Continuavo a guardare l’orologio e dovevo sbrigarmi se volevo arrivare in orario all’appuntamento.
Mia madre mi osservava da lontano mentre ero intenta a guardarmi allo specchio per un ultimo ritocco, quando incuriosita si avvicinò.
“Hai intenzione di andare alla festa con qualche ragazzo?”, mi chiese.
“No, mamma”, borbottai fra i denti. “Non ci penso proprio, lo sai che ho cose molto più importanti da fare, ho solo diciannove anni e poi non m’interessano queste frivolezze”, le dissi convinta.
Mia madre mi seguì con lo sguardo e ridacchiò.
“Invece è proprio a queste cose che dovresti pensare, sei giovane e bella, dovresti uscire, invece di rinchiuderti sempre in casa a studiare!”.

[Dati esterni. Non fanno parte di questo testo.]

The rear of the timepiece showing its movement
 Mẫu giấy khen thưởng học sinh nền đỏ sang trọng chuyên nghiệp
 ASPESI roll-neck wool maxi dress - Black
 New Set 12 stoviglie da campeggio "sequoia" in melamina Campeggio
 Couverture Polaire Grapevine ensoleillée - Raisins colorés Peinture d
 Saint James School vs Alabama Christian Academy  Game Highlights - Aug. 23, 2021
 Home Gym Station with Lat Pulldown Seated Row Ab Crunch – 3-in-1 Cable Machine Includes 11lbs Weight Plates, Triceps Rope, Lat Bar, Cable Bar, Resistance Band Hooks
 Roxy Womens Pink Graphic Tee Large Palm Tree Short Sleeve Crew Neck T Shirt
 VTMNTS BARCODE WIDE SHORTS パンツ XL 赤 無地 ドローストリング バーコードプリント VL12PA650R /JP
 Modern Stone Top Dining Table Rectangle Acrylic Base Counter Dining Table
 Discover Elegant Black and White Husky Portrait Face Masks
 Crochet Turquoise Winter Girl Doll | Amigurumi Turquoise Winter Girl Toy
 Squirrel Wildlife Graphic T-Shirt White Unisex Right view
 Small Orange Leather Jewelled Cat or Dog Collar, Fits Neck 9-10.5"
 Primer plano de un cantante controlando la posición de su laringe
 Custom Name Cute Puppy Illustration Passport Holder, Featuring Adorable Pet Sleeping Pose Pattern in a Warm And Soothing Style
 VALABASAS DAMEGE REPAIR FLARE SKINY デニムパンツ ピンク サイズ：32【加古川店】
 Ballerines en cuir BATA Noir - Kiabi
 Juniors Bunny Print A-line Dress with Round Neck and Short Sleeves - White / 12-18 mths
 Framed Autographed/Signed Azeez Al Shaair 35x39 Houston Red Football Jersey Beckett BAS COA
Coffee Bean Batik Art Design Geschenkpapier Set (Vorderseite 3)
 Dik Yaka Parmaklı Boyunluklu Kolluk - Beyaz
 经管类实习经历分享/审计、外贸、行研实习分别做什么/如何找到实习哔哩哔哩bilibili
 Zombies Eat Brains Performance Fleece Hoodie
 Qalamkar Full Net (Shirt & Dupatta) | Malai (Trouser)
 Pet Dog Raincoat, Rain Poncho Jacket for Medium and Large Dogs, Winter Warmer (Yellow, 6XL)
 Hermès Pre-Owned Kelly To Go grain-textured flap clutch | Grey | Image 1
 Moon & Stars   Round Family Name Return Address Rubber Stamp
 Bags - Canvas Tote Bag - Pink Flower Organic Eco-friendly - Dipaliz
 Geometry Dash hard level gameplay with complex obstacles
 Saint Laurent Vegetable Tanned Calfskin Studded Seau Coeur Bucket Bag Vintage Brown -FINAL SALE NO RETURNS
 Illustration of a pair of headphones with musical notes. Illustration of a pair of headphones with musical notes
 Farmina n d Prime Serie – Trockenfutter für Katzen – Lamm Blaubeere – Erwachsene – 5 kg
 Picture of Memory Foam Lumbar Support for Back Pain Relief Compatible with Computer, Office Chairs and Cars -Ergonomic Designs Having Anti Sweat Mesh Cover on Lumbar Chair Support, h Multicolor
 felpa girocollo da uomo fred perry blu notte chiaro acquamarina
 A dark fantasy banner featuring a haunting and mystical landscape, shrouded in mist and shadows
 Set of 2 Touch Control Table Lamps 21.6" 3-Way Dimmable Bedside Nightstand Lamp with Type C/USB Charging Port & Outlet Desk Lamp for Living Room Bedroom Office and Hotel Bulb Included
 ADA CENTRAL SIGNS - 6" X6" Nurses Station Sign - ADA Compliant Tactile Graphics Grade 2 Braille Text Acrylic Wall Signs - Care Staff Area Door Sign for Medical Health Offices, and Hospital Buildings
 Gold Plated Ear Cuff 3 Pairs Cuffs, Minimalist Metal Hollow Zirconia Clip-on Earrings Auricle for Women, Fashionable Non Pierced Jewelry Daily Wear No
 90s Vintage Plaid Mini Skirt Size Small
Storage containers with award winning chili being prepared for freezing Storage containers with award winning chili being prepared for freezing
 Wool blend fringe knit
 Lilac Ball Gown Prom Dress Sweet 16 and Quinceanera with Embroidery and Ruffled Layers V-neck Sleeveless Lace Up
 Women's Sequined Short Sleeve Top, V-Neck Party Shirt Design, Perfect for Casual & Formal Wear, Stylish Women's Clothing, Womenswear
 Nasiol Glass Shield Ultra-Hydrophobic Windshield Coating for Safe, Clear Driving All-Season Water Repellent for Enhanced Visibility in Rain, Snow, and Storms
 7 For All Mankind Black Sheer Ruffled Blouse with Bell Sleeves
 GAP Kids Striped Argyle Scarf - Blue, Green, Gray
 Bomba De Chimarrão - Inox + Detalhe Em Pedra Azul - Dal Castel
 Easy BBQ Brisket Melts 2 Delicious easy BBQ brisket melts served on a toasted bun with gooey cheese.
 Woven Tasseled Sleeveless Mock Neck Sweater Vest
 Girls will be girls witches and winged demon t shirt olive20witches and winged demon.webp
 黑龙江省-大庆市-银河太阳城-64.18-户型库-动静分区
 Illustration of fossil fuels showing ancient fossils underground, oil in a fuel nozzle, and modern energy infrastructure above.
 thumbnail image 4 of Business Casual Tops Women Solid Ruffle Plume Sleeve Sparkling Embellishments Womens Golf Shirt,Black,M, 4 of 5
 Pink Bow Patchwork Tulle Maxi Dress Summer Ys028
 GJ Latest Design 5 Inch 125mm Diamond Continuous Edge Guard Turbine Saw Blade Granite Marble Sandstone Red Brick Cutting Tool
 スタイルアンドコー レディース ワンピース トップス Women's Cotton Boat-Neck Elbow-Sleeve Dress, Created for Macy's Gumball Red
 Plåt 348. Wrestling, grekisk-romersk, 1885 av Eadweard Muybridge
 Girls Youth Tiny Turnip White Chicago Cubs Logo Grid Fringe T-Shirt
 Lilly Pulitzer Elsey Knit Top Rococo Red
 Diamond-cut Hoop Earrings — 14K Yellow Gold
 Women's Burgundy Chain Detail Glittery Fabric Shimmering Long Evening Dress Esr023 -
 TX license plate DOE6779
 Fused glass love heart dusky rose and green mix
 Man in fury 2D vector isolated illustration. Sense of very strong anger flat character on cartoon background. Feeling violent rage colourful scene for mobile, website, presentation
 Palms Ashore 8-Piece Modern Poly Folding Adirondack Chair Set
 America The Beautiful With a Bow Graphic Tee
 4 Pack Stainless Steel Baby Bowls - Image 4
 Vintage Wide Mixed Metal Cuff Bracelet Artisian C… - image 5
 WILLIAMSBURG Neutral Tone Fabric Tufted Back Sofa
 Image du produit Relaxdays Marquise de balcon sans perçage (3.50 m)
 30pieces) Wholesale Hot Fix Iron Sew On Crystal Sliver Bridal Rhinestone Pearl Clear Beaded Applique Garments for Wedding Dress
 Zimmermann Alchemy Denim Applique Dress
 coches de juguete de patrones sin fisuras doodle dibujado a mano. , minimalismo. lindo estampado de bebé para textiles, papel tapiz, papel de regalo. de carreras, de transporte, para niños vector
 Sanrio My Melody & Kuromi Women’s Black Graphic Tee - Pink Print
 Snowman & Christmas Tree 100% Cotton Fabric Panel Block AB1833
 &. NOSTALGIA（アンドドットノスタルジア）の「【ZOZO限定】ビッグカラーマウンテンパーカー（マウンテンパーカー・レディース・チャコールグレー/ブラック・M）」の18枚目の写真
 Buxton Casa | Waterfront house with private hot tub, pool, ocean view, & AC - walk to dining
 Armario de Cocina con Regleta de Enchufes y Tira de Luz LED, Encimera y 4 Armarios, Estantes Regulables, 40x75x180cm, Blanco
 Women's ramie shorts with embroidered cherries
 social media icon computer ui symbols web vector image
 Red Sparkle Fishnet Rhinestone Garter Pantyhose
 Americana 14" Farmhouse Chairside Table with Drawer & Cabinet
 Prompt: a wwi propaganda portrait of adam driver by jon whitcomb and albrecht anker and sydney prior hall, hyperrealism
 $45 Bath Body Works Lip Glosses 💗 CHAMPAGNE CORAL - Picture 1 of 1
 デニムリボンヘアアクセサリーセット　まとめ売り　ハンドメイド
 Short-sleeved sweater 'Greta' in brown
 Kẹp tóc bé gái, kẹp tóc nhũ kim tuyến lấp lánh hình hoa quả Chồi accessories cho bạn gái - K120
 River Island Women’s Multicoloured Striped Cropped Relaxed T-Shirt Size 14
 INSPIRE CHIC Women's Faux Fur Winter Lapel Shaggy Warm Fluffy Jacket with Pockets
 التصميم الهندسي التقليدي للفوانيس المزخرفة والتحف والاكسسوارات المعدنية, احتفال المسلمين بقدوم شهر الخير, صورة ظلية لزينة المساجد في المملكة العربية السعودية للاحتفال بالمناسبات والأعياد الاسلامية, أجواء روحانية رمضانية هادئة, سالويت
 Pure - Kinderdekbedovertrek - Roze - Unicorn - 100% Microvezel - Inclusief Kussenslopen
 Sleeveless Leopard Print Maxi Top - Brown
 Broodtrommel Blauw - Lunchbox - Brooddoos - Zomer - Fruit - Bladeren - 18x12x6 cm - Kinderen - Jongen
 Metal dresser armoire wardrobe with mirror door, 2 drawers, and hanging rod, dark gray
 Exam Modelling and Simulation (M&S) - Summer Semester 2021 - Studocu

Ormai ero abituata a questi discorsi, tanto era inutile cercare di far capire determinate cose a mia madre: lei la pensava diversamente ed eravamo come il giorno e la notte. Ci volevamo però un gran bene ed eravamo sempre rimaste unite, soprattutto dopo la morte di mio padre.
Non le assomigliavo fisicamente, mentre ero la copia esatta di papà.